Gigaom‘s Jeff John Roberts appears to have been the first to report on a class action lawsuit claiming Google uses “secret deals” that force manufacturers to make its search engine the default choice on most Android smartphones and tablets. The tactic has helped Google become the dominant mobile search provider, according to the suit, but harms consumers by increasing device prices. And that violates the Sherman Act and other antitrust laws, according to the lawyer bringing the suit and who seeks unspecified damages on behalf of every Android owner in the U.S.

There’s no question Google is clamping down on its manufacturer partners in an effort to retake control of Android, as I’ve discussed at length over the last few months.
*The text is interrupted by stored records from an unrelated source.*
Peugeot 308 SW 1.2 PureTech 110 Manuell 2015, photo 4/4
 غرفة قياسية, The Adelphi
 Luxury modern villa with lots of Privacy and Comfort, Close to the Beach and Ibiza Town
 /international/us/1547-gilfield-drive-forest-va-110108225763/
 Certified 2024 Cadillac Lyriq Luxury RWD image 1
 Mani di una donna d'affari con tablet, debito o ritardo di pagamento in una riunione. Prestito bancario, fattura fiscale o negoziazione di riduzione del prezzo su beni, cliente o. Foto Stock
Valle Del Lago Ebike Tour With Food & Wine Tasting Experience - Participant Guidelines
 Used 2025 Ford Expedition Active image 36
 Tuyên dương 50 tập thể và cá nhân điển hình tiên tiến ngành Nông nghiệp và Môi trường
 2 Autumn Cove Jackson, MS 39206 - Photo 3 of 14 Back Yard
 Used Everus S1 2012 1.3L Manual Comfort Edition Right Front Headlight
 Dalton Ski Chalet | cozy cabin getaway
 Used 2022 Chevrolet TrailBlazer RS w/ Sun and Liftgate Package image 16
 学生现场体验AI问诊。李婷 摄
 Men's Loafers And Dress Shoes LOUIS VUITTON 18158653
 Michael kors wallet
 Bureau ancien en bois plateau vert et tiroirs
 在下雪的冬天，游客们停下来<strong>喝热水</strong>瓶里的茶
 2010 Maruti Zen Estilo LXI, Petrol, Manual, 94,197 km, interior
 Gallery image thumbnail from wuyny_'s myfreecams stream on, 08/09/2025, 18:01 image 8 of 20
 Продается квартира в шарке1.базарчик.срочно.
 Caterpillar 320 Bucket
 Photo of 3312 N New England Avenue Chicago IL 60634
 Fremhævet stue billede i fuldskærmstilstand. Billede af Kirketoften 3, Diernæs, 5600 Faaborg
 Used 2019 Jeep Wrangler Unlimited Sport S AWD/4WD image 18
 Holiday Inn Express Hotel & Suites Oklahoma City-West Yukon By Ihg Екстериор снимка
I think the claimant will have a very hard time making their case, however: The heart of Android remains open source and is available to any manufacturer to use as they like; the default search requirement applies only to OEMs who want to package apps such as Google Play and YouTube on their handsets. Google’s strategy has made Android difficult for most OEMs to fork, but players like Microsoft’s Nokia are able to produce devices that run their own services atop Android.

If the lawsuit succeeds even partly, though, it could pave the way for manufacturers who want to cherry-pick which Google apps they want to use on their handsets, and which they want to eschew in favor of their own (or third-party) software and services. That would likely increase Android fragmentation in a big way as Samsung and others step up efforts to co-opt Android as a vehicle for their own offerings. And that would be awful for Google, which is finally beginning to regain control of the world’s dominant mobile operating system it developed.